Occupation: Chief of cardiovascular and thoracic surgery at Franciscan Health Indianapolis Heart Center; also, a partner of Cardiac Surgery Associates and the surgical director of the Heart Valve Center and Atrial Fibrillation Center at Franciscan Health

Education: Received medical degree, residency and fellowship from Loyola University Stritch School of Medicine

Years practicing: 23

Achievements

2006 to 2017: Named to America’s Top Doctor list by Castle Connelly

2009 to 2017: Named to Indianapolis Monthly’s Top Doctor list for thoracic and cardiac surgery

2016: Was the first in the world to implant a tissue-engineered regenerative CorMatrix ECM Tricuspid Valve in a phase I clinical device trial.

2015: Authored a scientific study leading to FDA approval of the On-X valve allowing patients to substantially lower their blood-thinning medication dose and thereby, reduce the risk of bleeding.

2014: First in the U.S. to enroll patient in a landmark study, performing minimally invasive closure of the left atrial appendage to prevent strokes.

2013: First in the U.S. to implant the only mechanical valve that matches the contour of the heart; recognized by the City of Indianapolis and Marion County City Council with a special resolution for his dedicated service to the healthcare community.

2011: First in the U.S. to use a breakthrough device to replace the aorta in a critically ill patient.
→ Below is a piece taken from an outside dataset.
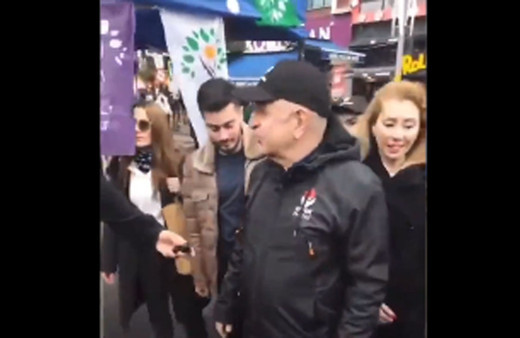 Yeşil Sol Parti kuduz havlamaya devam et' dedi Ümit Özdağ'dan 'sizin veterinerinizim' cevabı geldi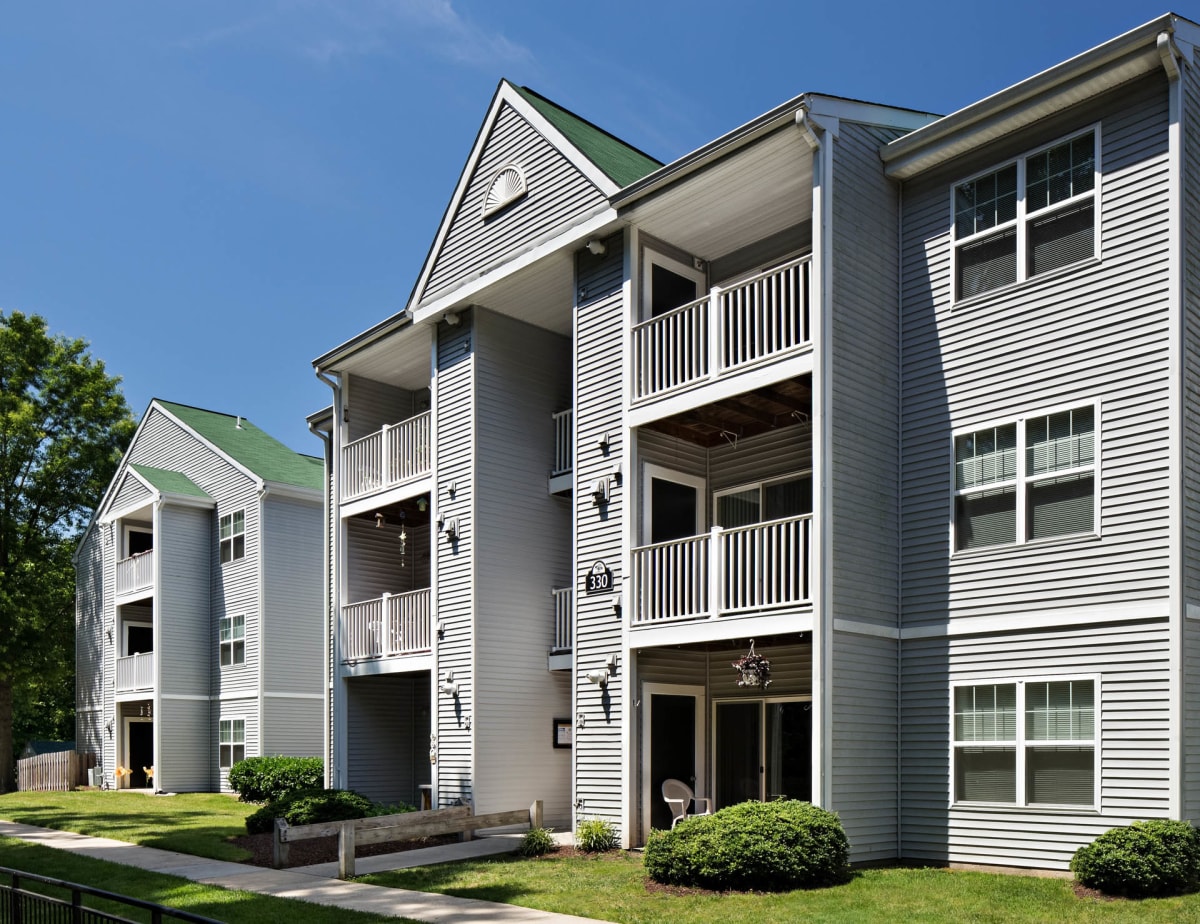Silverwood Farm apartment buildings and landscaped grounds - Prince Frederick, MD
He also performed the first surgery in the country using a device that restores the shape of a tricuspid heart valve.

2010: Named a “Health Care Hero” by the Indiana Business Journal for his work; received the Excellence in Health Science Research Award at the annual Tony and Mary Hulman Health Achievement Awards Ceremony.

2008: First in the world to repair heart valves using technology to allow the heart to naturally regrow tissue. He has ongoing research directed at allowing regeneration of an entire heart valve.

2007: First in the world to pioneer a new surgery to repair damaged heart structures while allowing the heart to naturally regrow tissue.

2006: Established Indiana’s first Heart Valve Center.